Charlotte Picant : c’est une cuvée qui existe depuis 1998. Elle s’appelle exactement Cuvée d’Exception Lucullus et comme son nom l’indique, elle n’est faite que les bonnes années. Lucullus est un nom qui n’avait jamais été déposé pour le vin. C’est le nom d’un consul romain qui était très connu pour son goût pour les plaisirs de la table et de la vie en général. C’est une sélection parcellaire ; des vieilles vignes qui ont 25 ans d’âge en moyenne ; c’est un rendement plus faible, 28 hecto/l’hectare. La première vinification se fait en foudre de bois, ce qui permet de faire des pigeages manuels pour une meilleure extraction de couleur; la seconde fermentation se fait en barrique, ce qui permet d’avoir des tanins plus fins. Au niveau de l’élevage, Lucullus passe plus de temps en barriques et il y a un peu plus de bois neuf que dans nos cuvées classiques.

 

Journal du luxe : Quels sont les projets des demoiselles Picant pour le domaine ?

Charlotte Picant : nous avons le projet de développer l’oenotourisme.
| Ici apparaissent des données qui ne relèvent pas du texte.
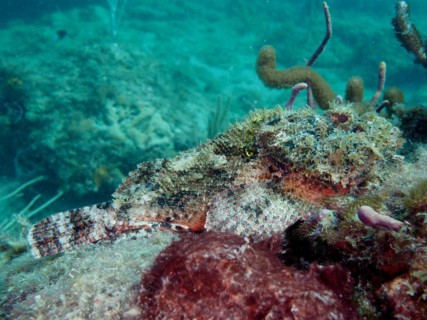 Well camouflaged banded scorpionfish (Scorpaena plumieri), dive site Nursery, Pompano Beach,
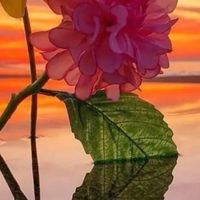 看益生菌别只认编号那三个字：菌株名与添加量口径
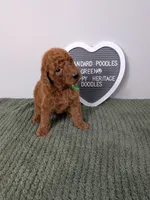 Standard Poodles- Green collar , a male Poodle - Standard  for sale in Baton Rouge, LA – 7 of 8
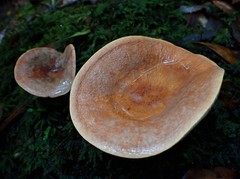 Lactifluus clarkeae
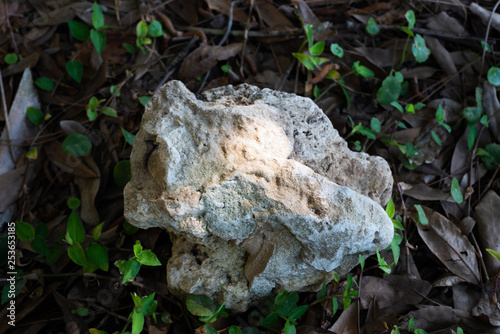 Rock at the park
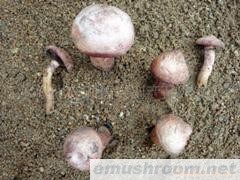 批发供应红蘑菇，肉蘑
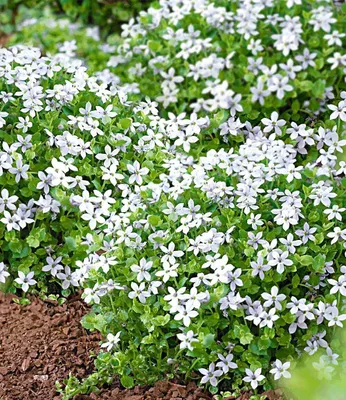 Produktbild von BALDUR Garten 15x Weiße winterharte Isotoma "White Splash", Pflanzen im 9x9 cm-Topf, blühender Bodendecker, winterharte Staude, mehrjährig & pflegeleicht, blühend, Isotoma fluviatilis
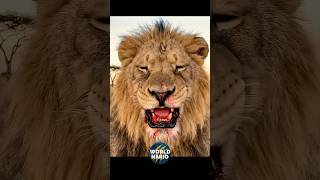 Leão ROUBA câmera #animals #lion #animais #africa #shorts #worldnario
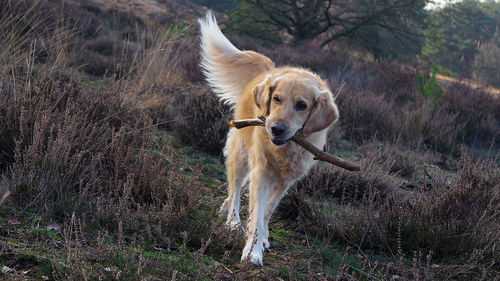 Dog standing on field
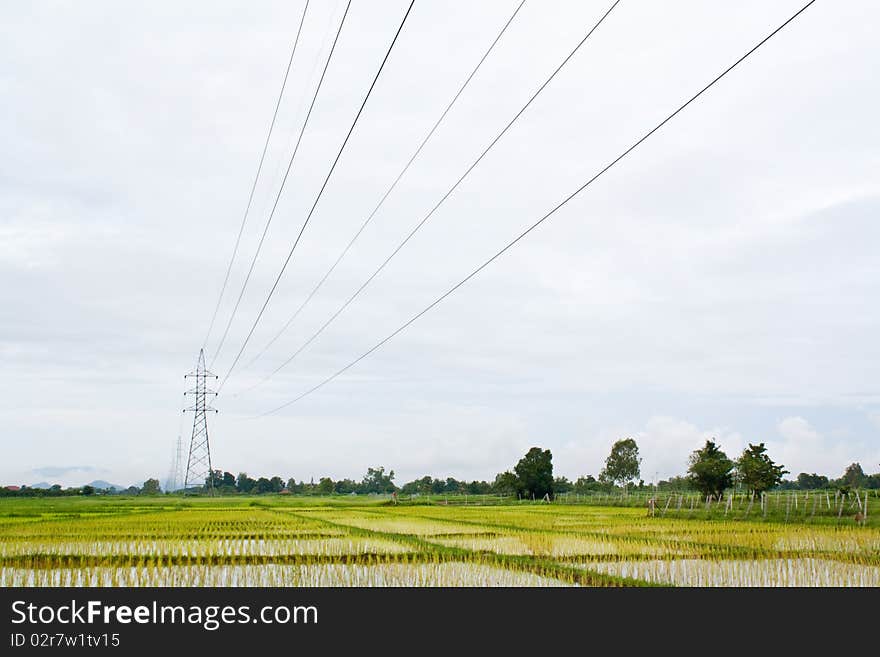 Rice field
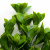 Трава искусственная -1, шт (эвкалипт лист 32 см/8 см)				 - купить в Березниках. Цена: 169.93 руб.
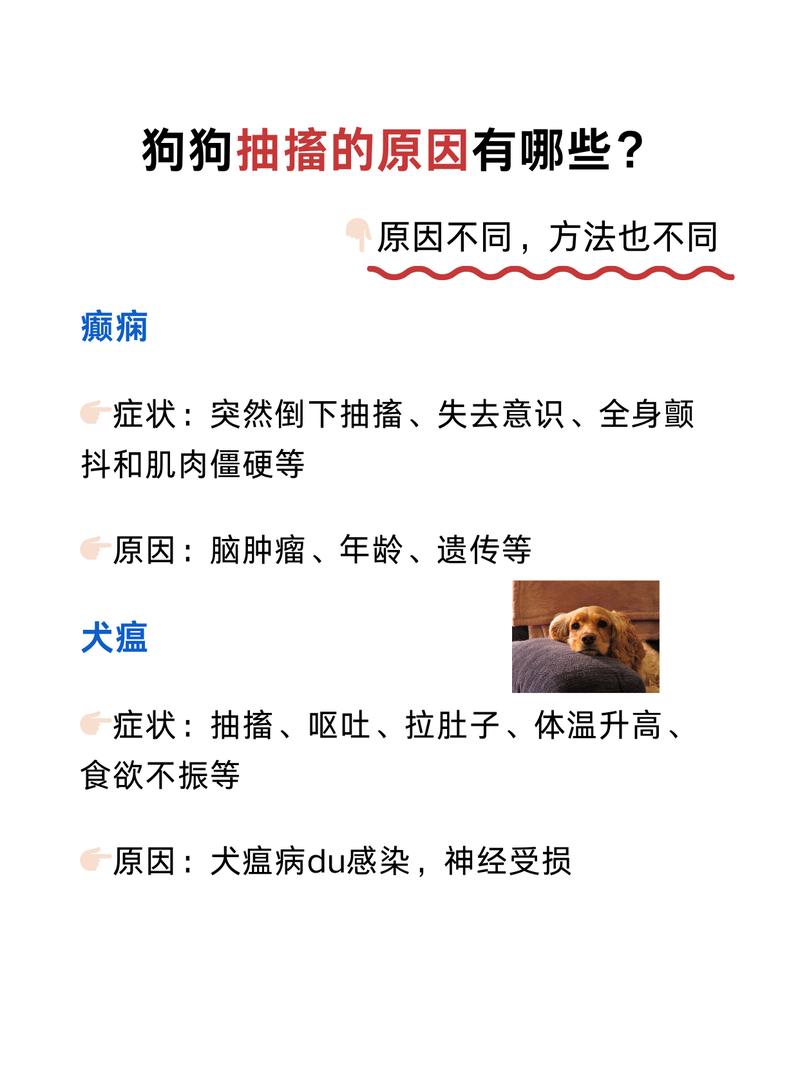 狗狗浑身抽搐怎么回事,狗狗身上抽搐?-第3张图片-后鲨宠物 狗狗浑身抽搐怎么回事,狗狗身上抽搐?-第3张图片-后鲨宠物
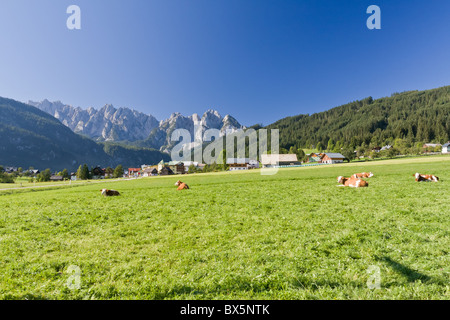 Kühe grasen auf einer Almwiese Stockfoto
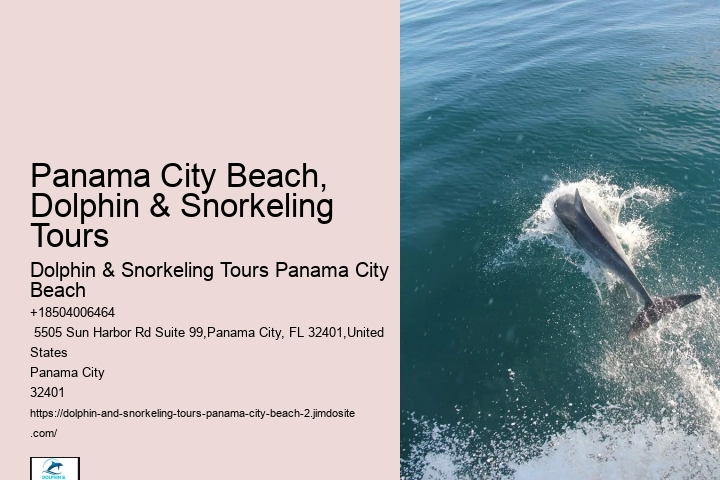 5 Helpful Tips For Snorkeling In Panama City Beach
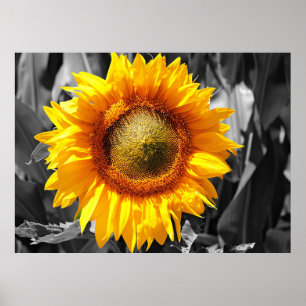 Póster Girasol amarillo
Une grande salle de 170 m² est en travaux actuellement pour pouvoir accueillir les visiteurs. Nous souhaitons aussi nous orienter vers l’événementiel et faire un peu de réceptions. Mais nous souhaitons surtout consolider le travail de nos parents tout en développant de nouveaux marchés. Le pari n’est pas gagné, car nous avons 280 000 bouteilles à vendre tous les ans, mais avec la volonté, le travail et la détermination, on peut arriver à tout. La réussite n’est jamais un hasard. Nous devons travailler encore plus, car nous faisons un grand vin avec une appellation peu porteuse.

demoiselles picant

 

Château Hostens-Picant, un vin de Bordeaux différent et de très grande qualité, qui était présent sur le Salon du luxe Paris les 9 et 10 juillet 2015 participe régulièrement à des événements organisés par deux grandes organisations : le Cercle des Grands Vins de Bordeaux et La Grappe, de Stéphane Derenoncourt.

Le Journal du luxe remercie Nadine Picant et Charlotte Picant pour cette belle rencontre et pour avoir accepté de répondre à ces différentes questions.